Fitch Ratings, which tracks the amount of bonds issued to manage such risks, estimated that in 2005, roughly $5.6 billion in insurance-linked and risk-associated asset-backed bonds were issued to manage embedded value, XXX, property and catastrophic mortality risk, among others. This includes 144A deals. In 2006, issuance spiked to about $8.9 billion.
The ratings agency estimated that in 2007, issuance could potentially increase by 30%, said Don Thorpe, head of Fitch's ILS group. The agency did caveat that prediction, however, after the Florida Hurricane Catastrophe Fund, a state administered reinsurance program, doubled its capacity. That move is expected to take a lot of premiums out of the private market, based on the thinking that demand for catastrophe bonds will decrease, said Thorpe.

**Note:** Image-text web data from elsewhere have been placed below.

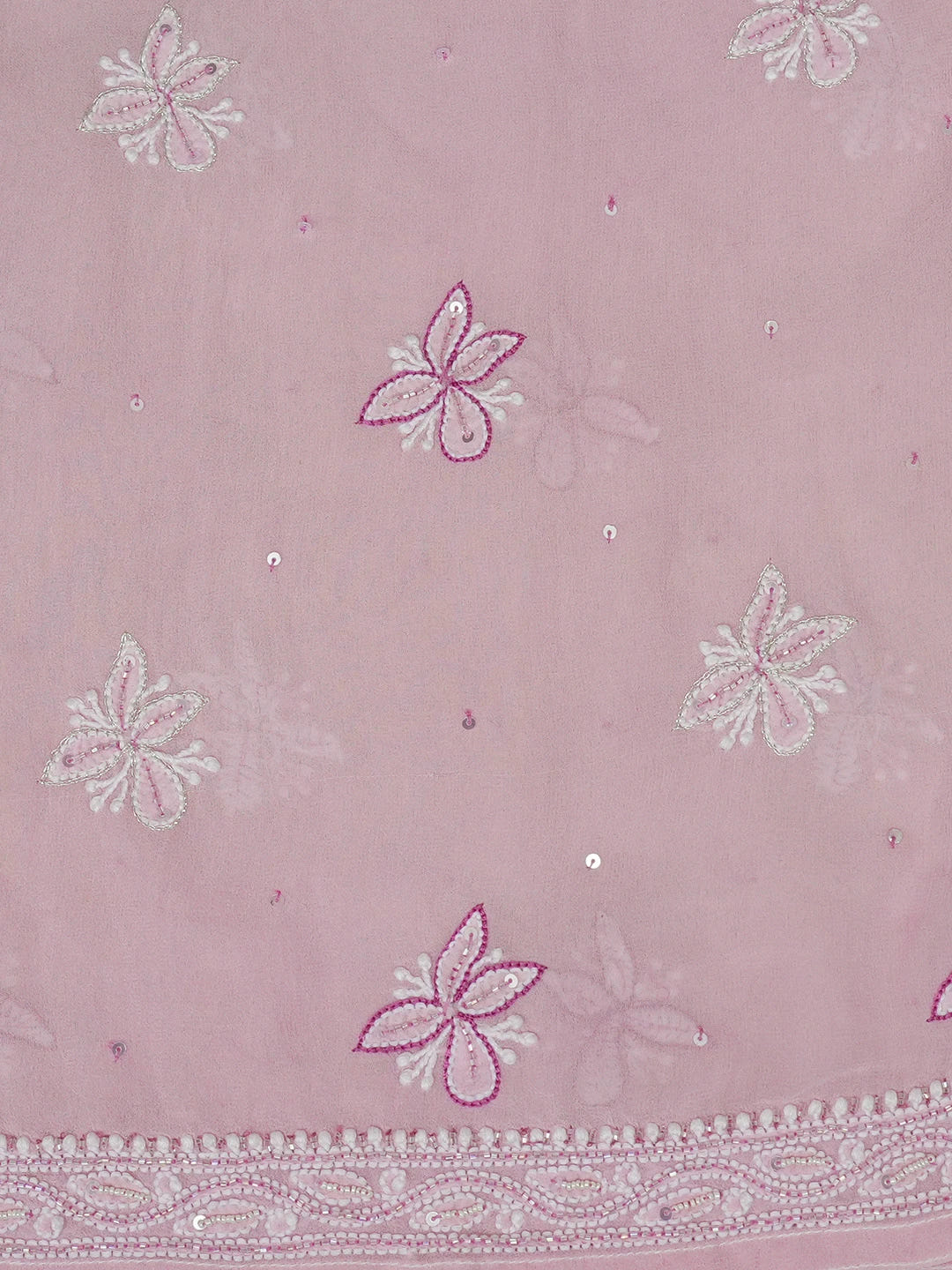 Ada Hand Embroidered Pink Pure Georgette Lucknowi Chikankari Semi-Stitched Anarkali Kurta Dupatta Set With Sequinned and Cutdana Work 01A569092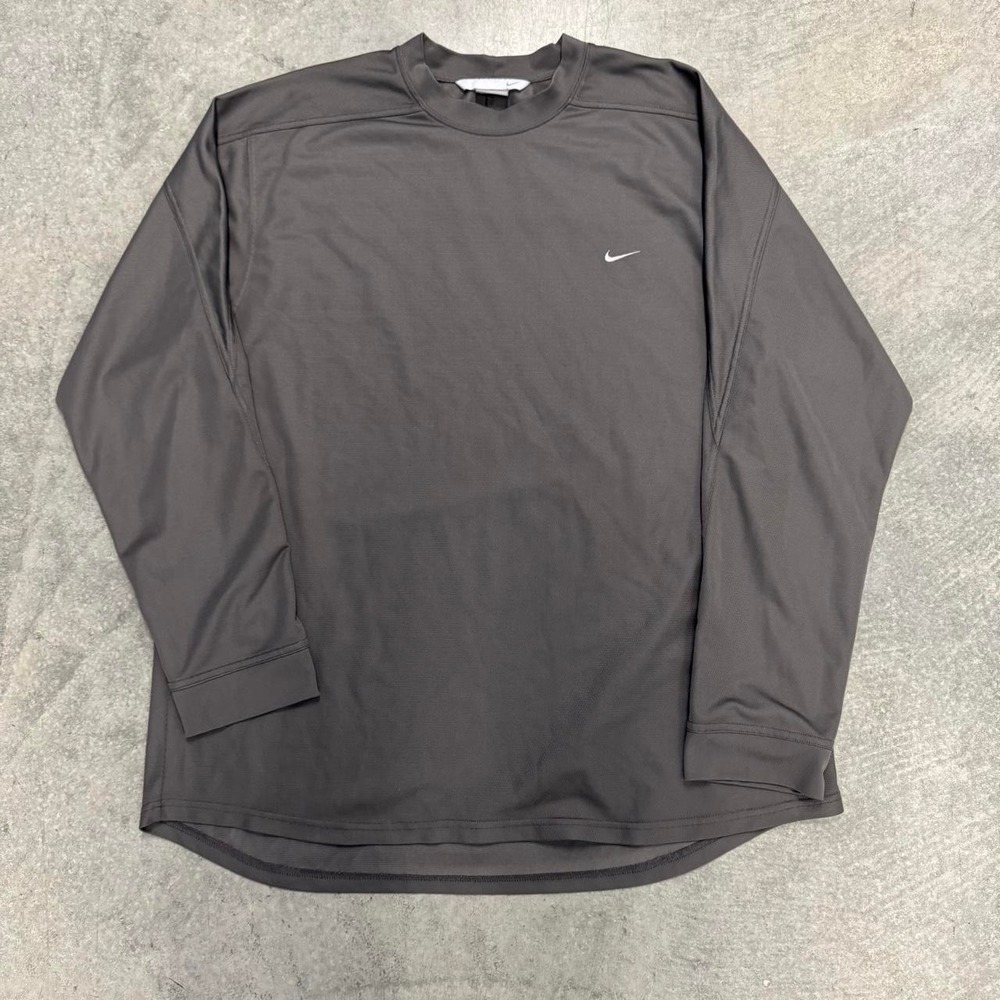 Vintage Nike Men's Long Sleeve Gray Embroidered Athletic Pullover XXL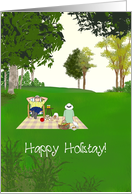 Happy Holistay Family Enjoying Day Out Picnicking in the Park card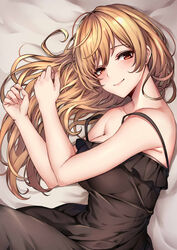  absurdres bare_arms bare_shoulders bed_sheet blush breasts brown_dress brown_hair closed_mouth collarbone commentary dress female fingernails hair_between_eyes hands_up highres large_breasts long_hair looking_at_viewer lying on_side original red_eyes sleeveless sleeveless_dress smile solo strap_slip very_long_hair ym_(distance819) 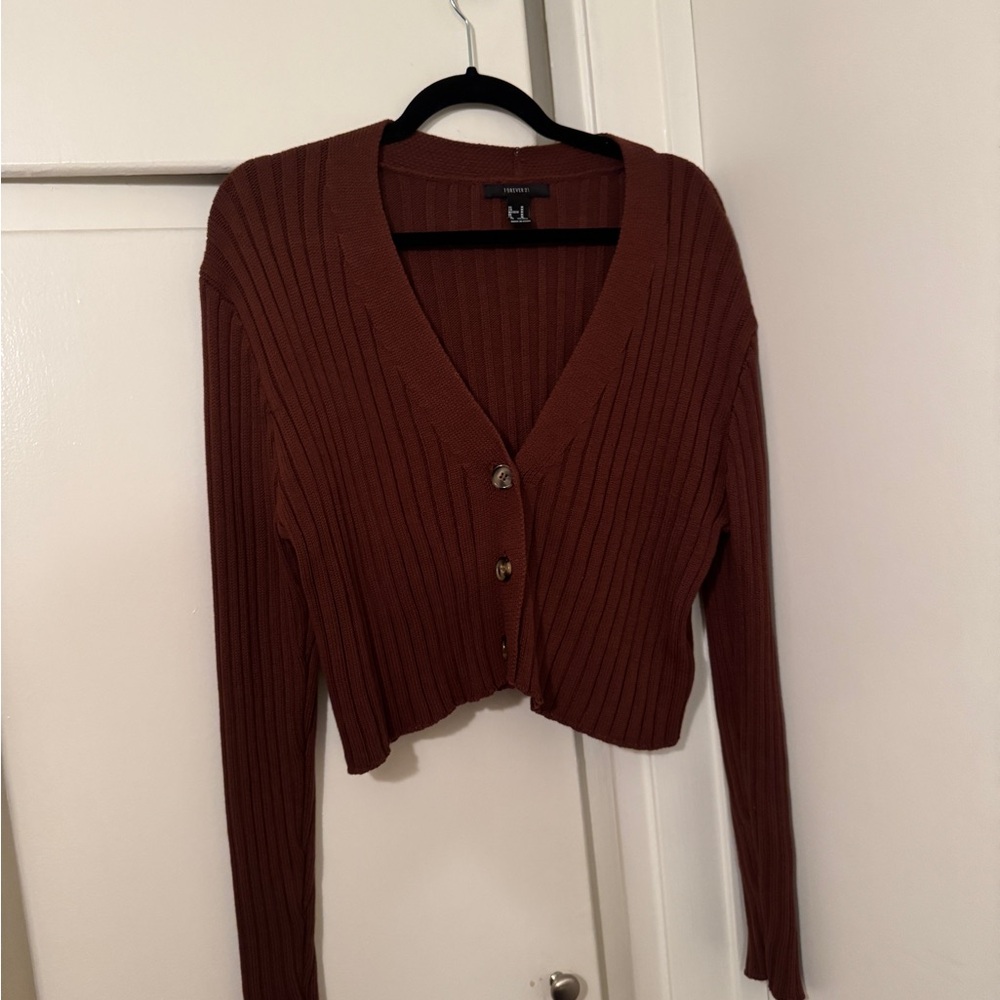Brown Ribbed Cardigan Sweater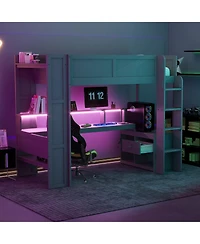 Flynama Twin Size Gaming Loft Bed Built In Desk Charging Station Storage Shelves Led Lighting Space Saving Kids Teens Furniture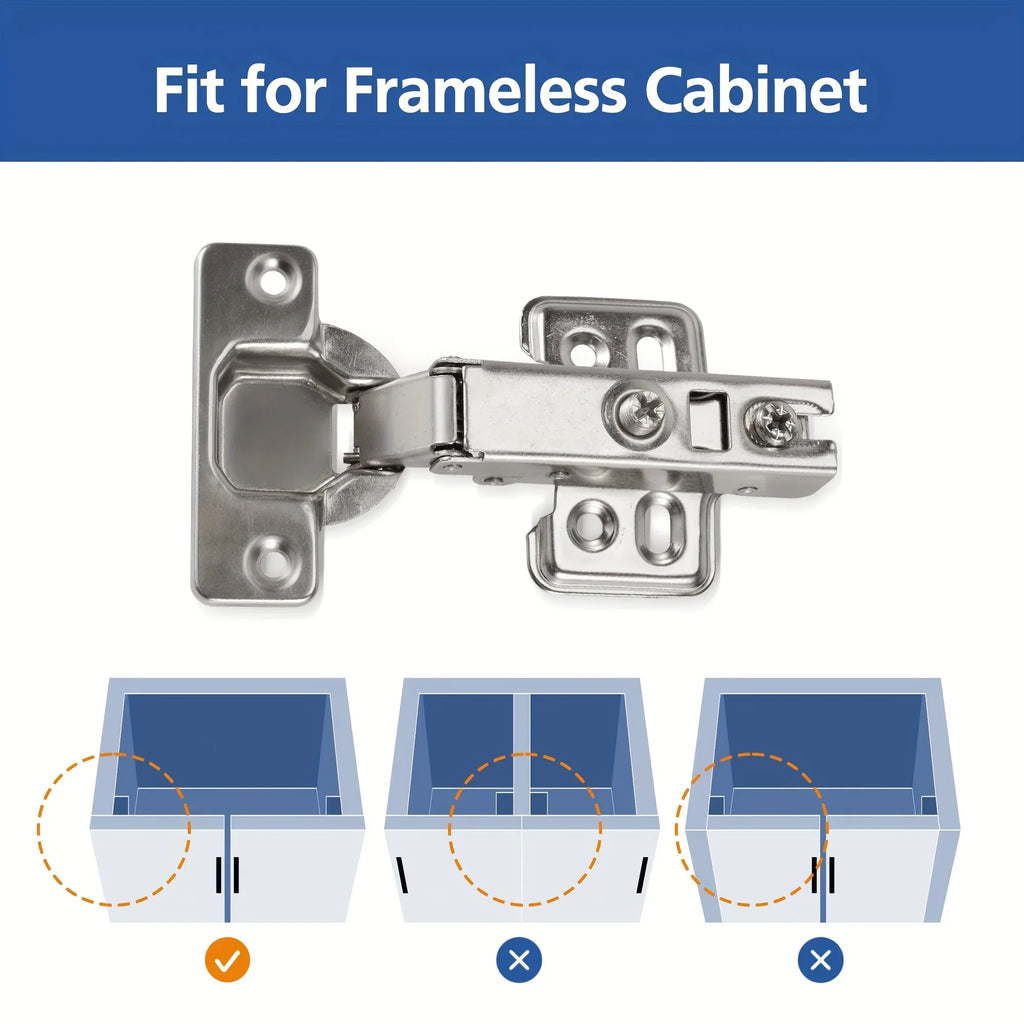 2/20Pcs Cabinet Hinges with Screws Steel Hinges For Furniture Full Overlay Mute Cabinet Door Cupboard Hinges Furniture Fitting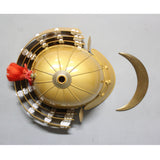 【O-073-K】White thread laced gold-lacquered barrel shoulder guards two-piece cuirass armor (helmet only)：白糸威金塗桶側二枚胴具足（兜のみ）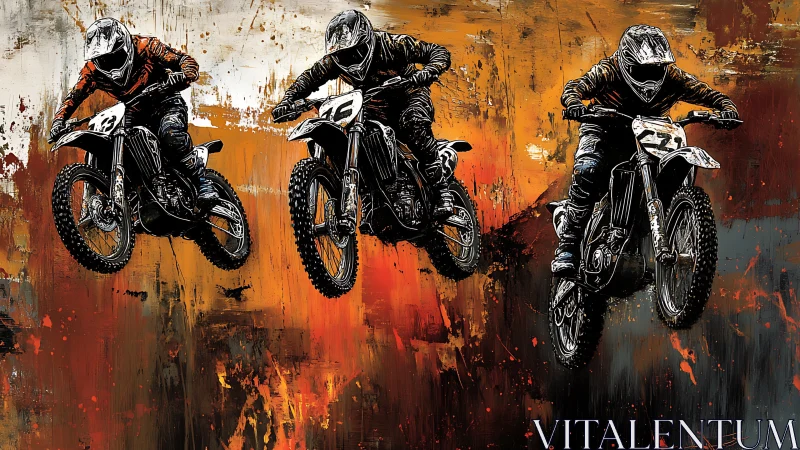 Motocross riders launch over abstract fiery track backdrop.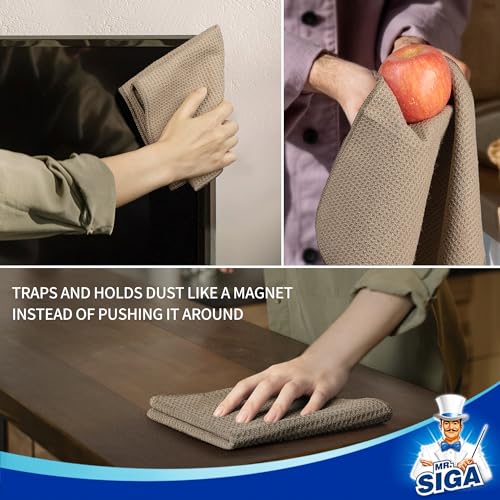 MR.SIGA Waffle Pattern Microfiber Cleaning Cloths, 6 Pack, Sandy Brown - color: Sandy Brown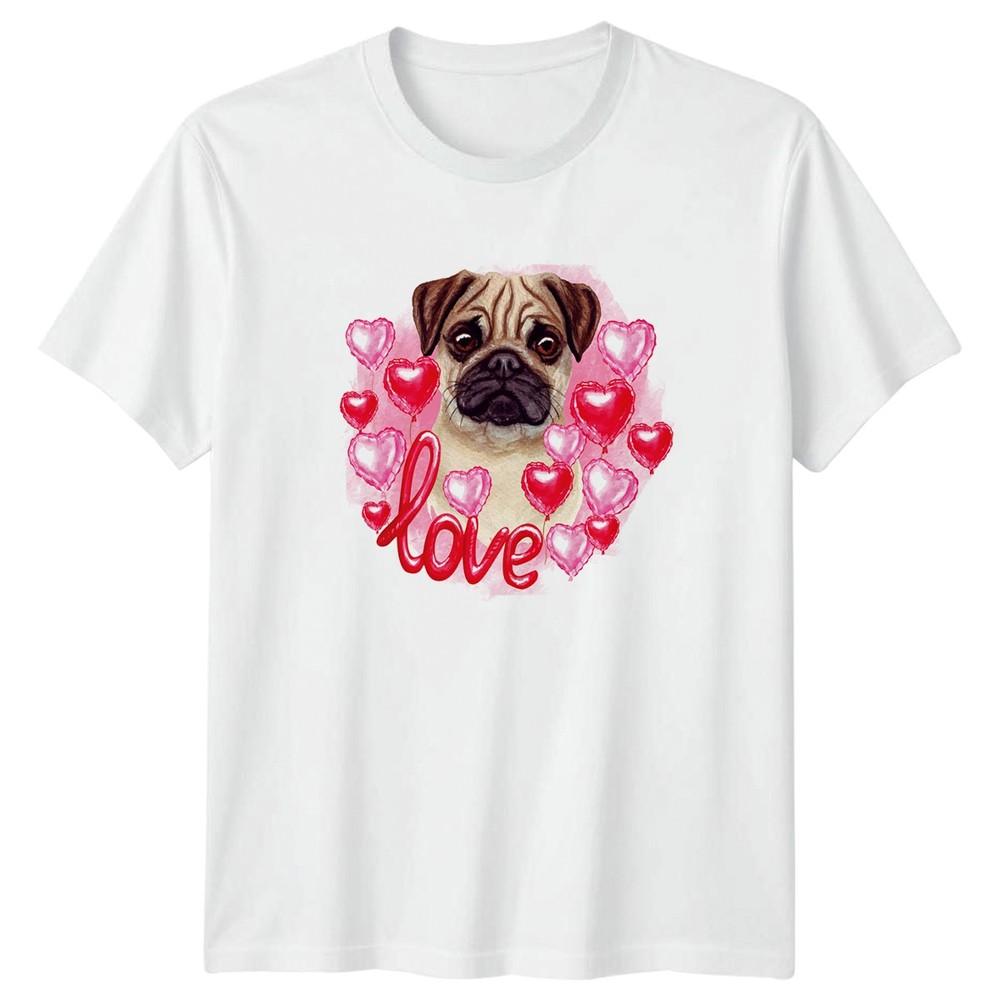 Love Unisexs TShirt Pug Dog Lover Pets Valentines Day Gift For Her S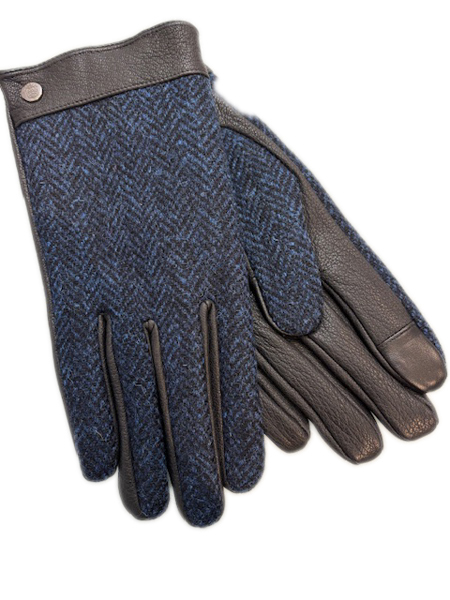 Navy Herringbone Gloves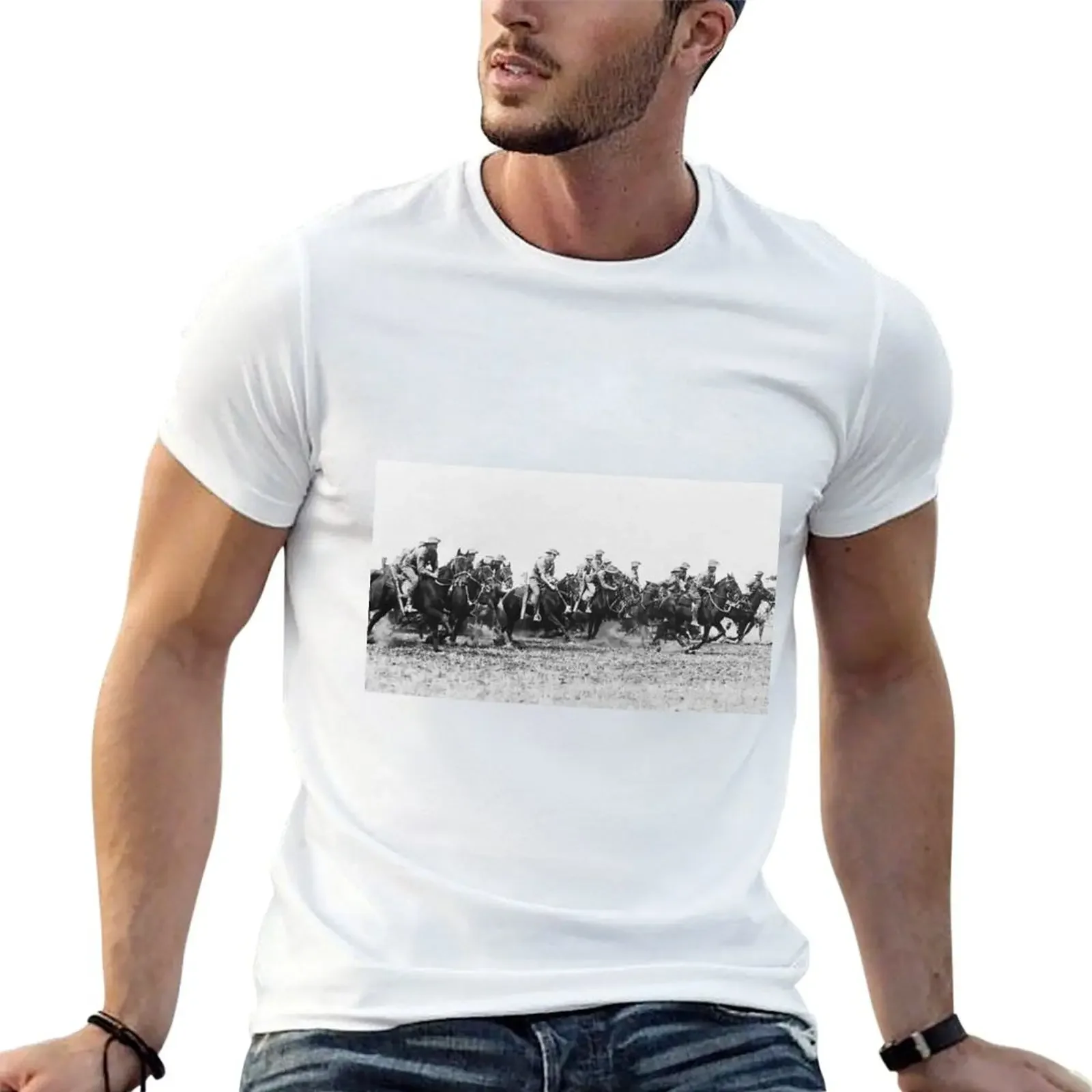 

The Lighthorse at Gawler Racecourse WW1 T-Shirt summer 2025 luxury designer summer tops mens vintage t shirts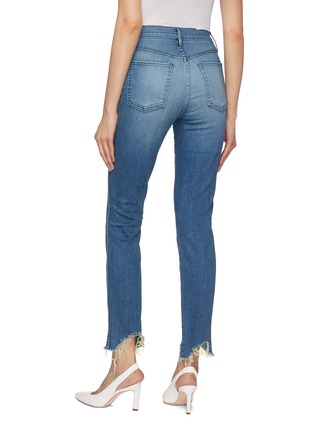 Back View - Click To Enlarge - 3X1 - 'W3 Straight Authentic Crop' shredded cuff jeans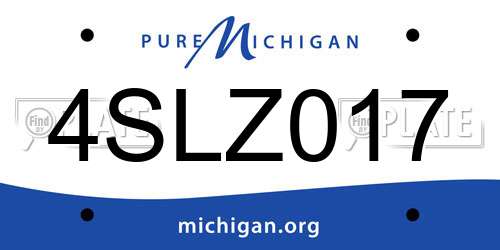 4SLZ017 Michigan License Plate
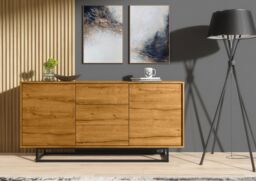 Creative Furniture Vista Loft Sideboard 140cm - Industrial Storage with Rustic, Oak & Black Matt Doors in Brown - thumbnail 3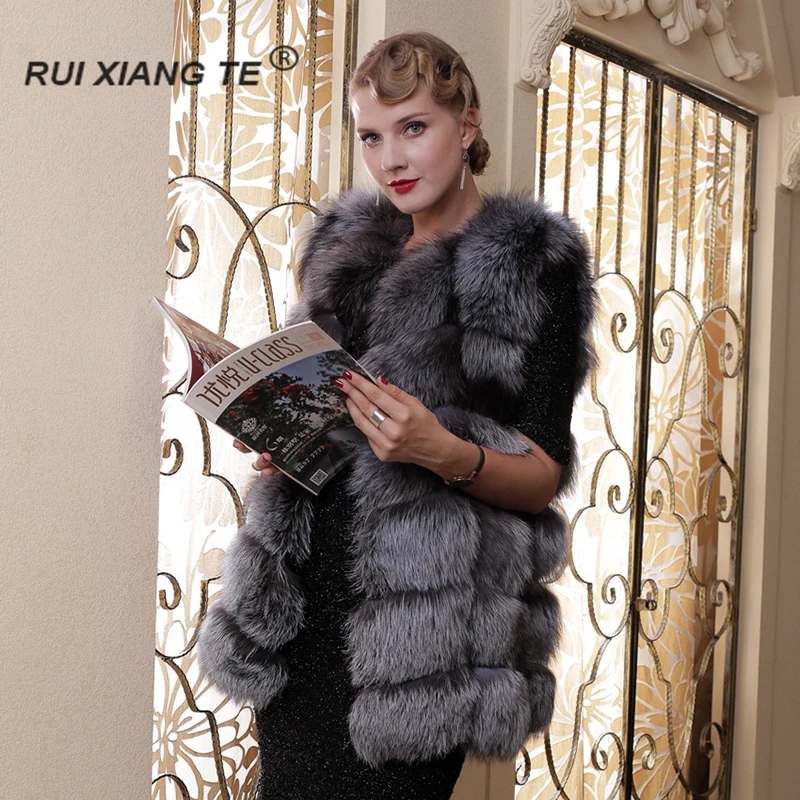 women real fur coat real fox short block vest autumn and winter outerwear natural fox ladies round neck gilet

Pre-Katrina spreads on catastrophe bonds were at 600 over Libor and they widened out to 800 points over in post-Katrina pricing, Weber noted. Pricing pulled back a bit since January, to around 700 basis points, said market sources.
Joint ventures similar to that of JLT and ICAP have been set up before. Usually, a large insurance or reinsurance broker without a capital markets operation forges such an agreement with an investment bank, because the latter has access to capital markets investors to whom they can distribute bonds.
Whether risk management for storms in the Gulf Coast or other regions is largely handled outside the asset securitization market, professionals in the insurance-linked securities market are looking forward to a period of expansion and product innovation.
"The mechanisms by which risk will be covered or managed and the structures and instruments by means of which the capital is subscribed ... are subject to a process of development that can only accelerate," Burke said.